Preparedness is another vital aspect of the Red Cross mission. One of their main focuses right now is a campaign to get smoke detectors into every home in the country. By partnering with Bellingham grocery chain Haggen, they’re making the detectors available to people free of charge. “It started as an initiative to reduce home fire deaths by 25 percent over five years,” Miller says, “and we’ve saved over 500 lives nationwide since 2014.”
“I love this program,” Robertson adds. “When people think about the Red Cross, they usually think about us reacting. This is a way we can be proactive—and it’s free!”
Partnerships are valuable to the Red Cross, and their annual golf tournament is a great example. “This is its 25th year,” Miller says of the popular fundraiser. “It started out with just the board of directors and staff, and now it sells out every year.”
BP is the golf tournament’s major sponsor, and brings a wealth of support to the Red Cross. “We have a great network of supporters because of BP,” Miller says. “A lot of their contacts are aligned with our mission.” The local appliance dealer DeWaard & Bode is also a valued supporter in many ways, including donating the prizes that make the tournament worth winning.
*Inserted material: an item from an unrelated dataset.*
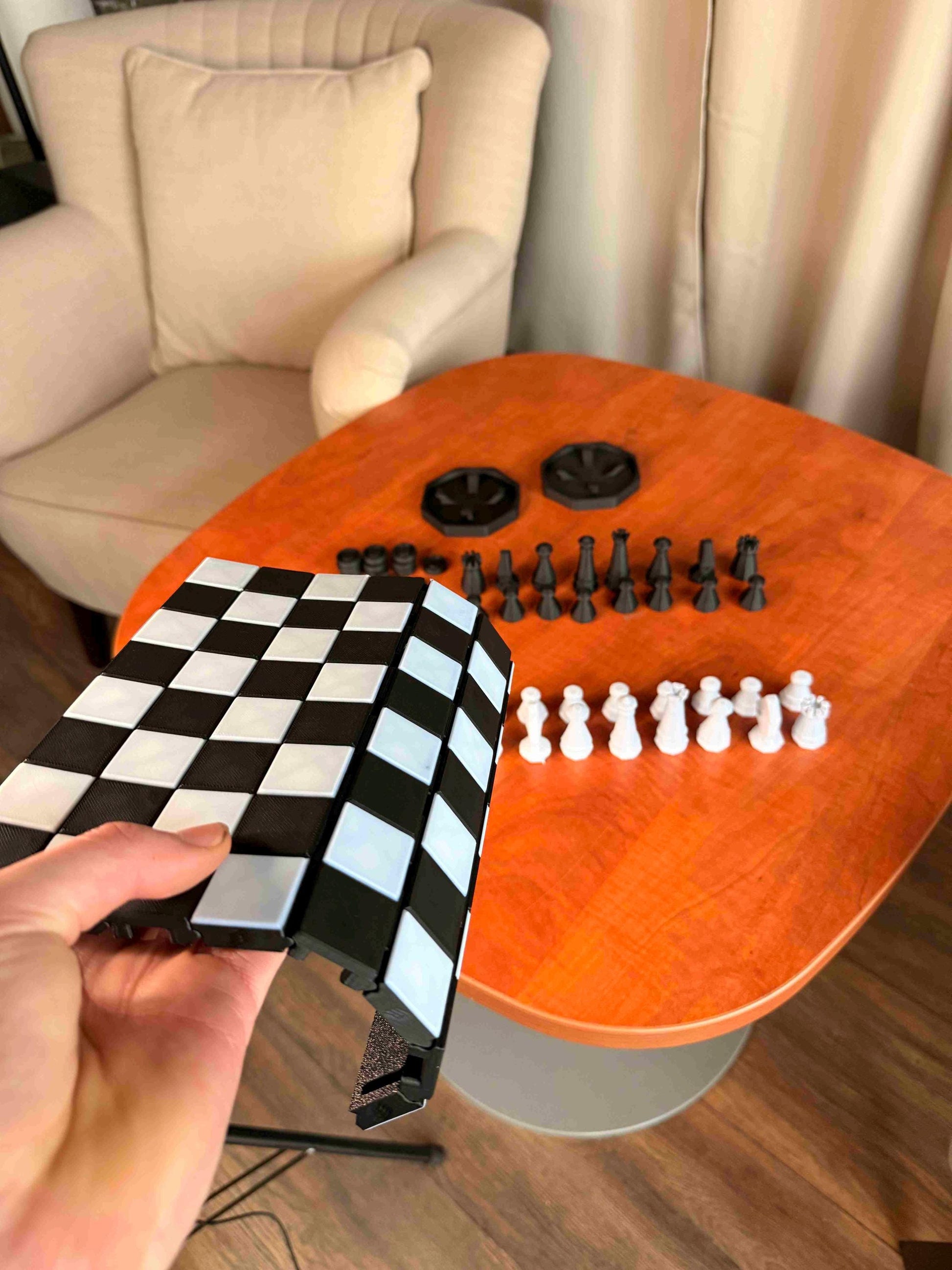 Chess Set with storage | Chess Board | Curved Flexible Portable Board with Storage | Chess and checkers Pieces | Chess Game Gift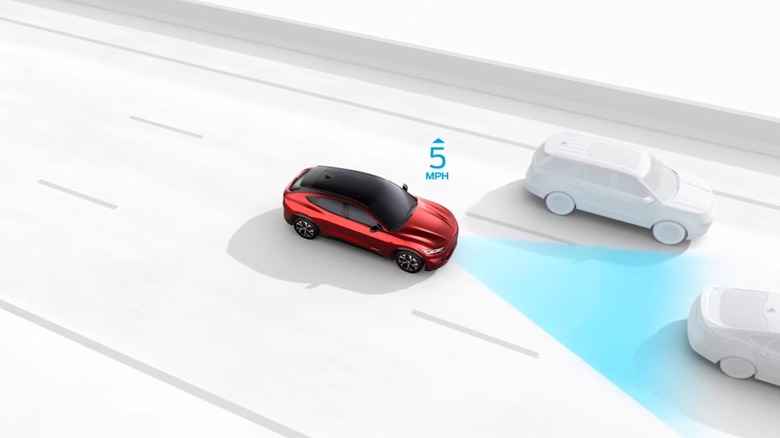 An illustration of adaptive cruise control showing the system monitoring the distance of the car in front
While they’re always looking for volunteers and to meet new people through their public events, the Red Cross is also happy to receive support from community members. “The Red Cross is basically funded by individuals,” says Miller. “A small contribution has a big impact—that’s how we fund our disaster response.” And how they fund their preparedness campaigns, as well.
Their programs are designed to reach all demographics, including programs aimed at youth that are intended to be fun and interactive in order to keep kids involved in learning. They also have programs tailored to seniors that highlight the importance of keeping duplicates of prescription information in a safe place, and keeping lists of contacts and other important information on hand, printed in a large font that’s easier on a senior’s eyes.
Thanks to that kind of practical, immediate and street-level presence, the Red Cross logo is always a popular sight on the street. Both women say that one perk of the job is that they’re approached all the time in public. “When we are branded,” Robertson says—meaning wearing a name tag or driving a vehicle decorated with the Red Cross logo—“people always come up to us to say thank you.”